Doch unsere gesamte Kultur und Zivilisation wäre ohne das Christentum nicht denkbar.

Ich nenne hier nur die allgemeine Schulbildung, die unmittelbar in der Reformation wurzelt, dann die ganze soziale Fürsorge, die in ihrem Wesen nichts anderes als eine Verwirklichung der Nächstenliebe ist und schließlich unser gesamtes Rechtswesen, dessen Grundwerte in Gottes Geboten gründen.

5. Jesus spricht aber auch die Gefährdungen an, die mit unserem neuen Sein als Salz der Erde verbunden sein können.

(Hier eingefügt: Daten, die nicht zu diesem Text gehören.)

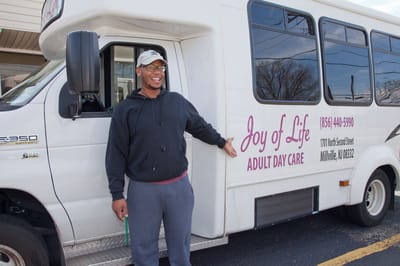 A smiling staff member by the facility transport van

Salz ist keine Speise für sich.

Allein ist es nicht genießbar.

Seine rechte Wirkung entfaltet es erst in den Speisen.

Was bedeutet das im Blick auf die Christen?

Leider genieren sich Viele, über ihren Glauben zu sprechen.

Sie möchten nicht unangenehm auffallen.

Sie befürchten, verspottet und ausgegrenzt zu werden.

Glauben ist leider zu oft Privatsache.

Dann aber geschieht dieses: das Salz verliert seine durchdringende Kraft und Wirkung und wird nutzlos.

Und tatsächlich hat das Christentum hat in der westlichen Gesellschaft seine prägende Kraft und seinen bestimmenden Einfluss verloren.

Gerade aus diesem Grund werden wir auf unsere neue Identität neu angesprochen.

Es wird uns in Erinnerung gerufen, wer wir sind und was das für uns und für die Welt, in der wir leben, bedeutet.

Die Welt braucht uns und unser Leben als Salz der Erde.

Wir haben die Werte für diese Welt und diese Gesellschaft!

Treten wir also als Salz der Erde in Erscheinung.

Haben wir den Mut, Gottes Welt auch den nötigen Geschmack zu verleihen.

Haben wir den Mut, unsere Überzeugungen auch energisch und zugleich liebevoll und einladende zu vertreten.

Es ist gar nicht so schwer.

Wir müssen nicht unbedingt Neues erfinden oder anregen.

Eigentlich brauchen wir nur unser Innerstes nach außen kehren und versuchen, glaubhafter zu leben; denjenigen mit unserem Leben zu bekennen, der uns liebt und zum Guten verändern will.

Lassen wir uns von Jesus in die Hand nehmen, damit er uns ausstreuen kann als Salz der Erde. Amen.

Der Friede Gottes, der höher ist als alle Vernunft, bewahre unsere Herzen und Sinne in Christus Jesus. Amen.